Some schools require emergency lesson plan folders to be kept in the main office, while other schools do not have regulations regarding this type of information. Be sure you check with your school administration to know what is the case for your particular school. Prepare your emergency lesson plan folder early in the year, and you won't be caught off-guard if or when an emergency should happen to you.

Here are some ideas of things that you should include in your emergency lesson plan folder. Make sure you make enough copies for your entire class ahead of time, so the substitute will not run out of materials. They will not be able to leave the classroom, so think ahead while you are creating the folder.

Reading Time

  • Include in your folder a list of books that the students can read independently during your absence. Prepare small quizzes for the books that the students can answer after reading.

  • Include short stories or copies of current event articles in the folder, along with exercises pertaining to the information for the students to complete.

Math Time

  • Kids like activities where they can use their calculator. Leave a worksheet that lets them solve problems using a calculator.
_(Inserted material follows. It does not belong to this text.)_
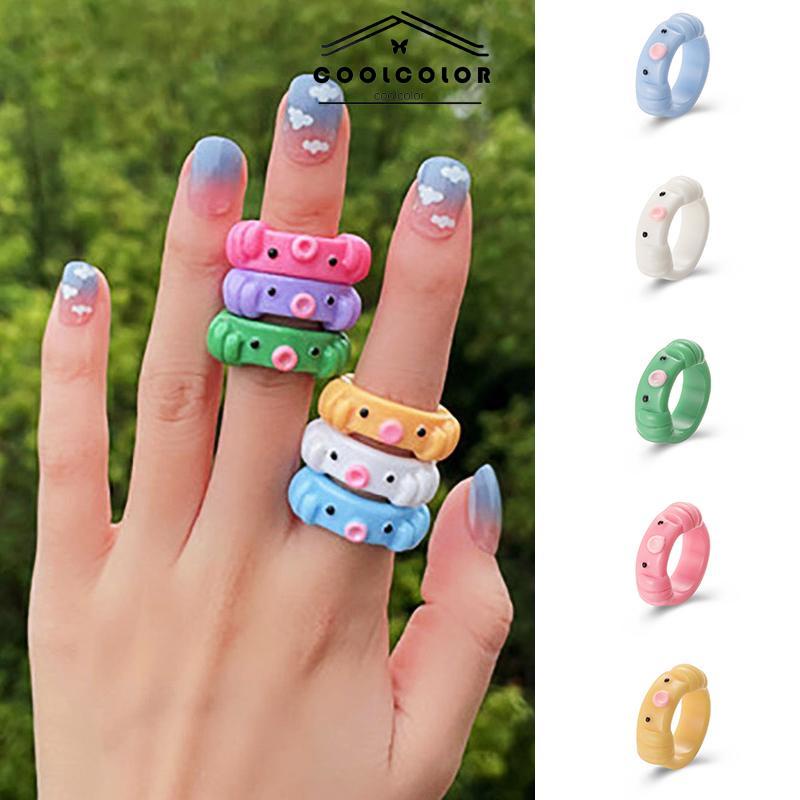 COD❤️Cincin Resin Korea Gurita Warna Candy Octopus Permen Kartun Temperamen Sederhana Kreatif  Ring Wanita Fashion Accessories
If your students are not required to have a calculator, consider leaving word problems that are fun and contain riddles.

  • This is a great time to break out those review sheets and puzzles that review the skills you are working on.

Language Arts Time

  • Include games for kids to play, such as "Mad Libs" or something similar. This will let them practice their use of adjectives, adverbs, nouns, pronouns, etc. while they are having fun.

  • You might also consider letting them write their own story about something they enjoy as a hobby. Use this exercise to help them learn punctuation, capitalization, and wordage skills.

Social Studies Time

  • Mapping activities are usually something that most students are interested in completing. Consider leaving some type of mapping activity in your folder.

  • In the same vein, let students make a map of their neighborhood and track the route that they would take to get to their school.

Science Time

  • Write an outline where students can fill in an invention that they would like to create. Have places for them to put the materials they would need, steps for completing the invention, and how they would advertise it.

  • Have the students read a science article from a magazine or newspaper. Give them questions to answer about the article. They can pinpoint the science method used in the article, and create plans for a laboratory activity that has to do with the article.

Miscellaneous Worksheets

  • Have questions from a textbook that cover material you would not normally cover during the year.

  • Include word searches, mazes, and other puzzle worksheets that pertain to your lessons.

  • Have essay outline worksheets for kids to write on a subject that they have learned about and enjoyed.

Be sure to clearly mark your Emergency Lesson Plan folder so that anyone coming in to take over your class will know where to find it. Since this substitute will not be prepared with any materials of their own, the more you can provide to help keep the students busy, the better it will be for all. And above all, included educational lessons and materials in your folder will be a benefit as well.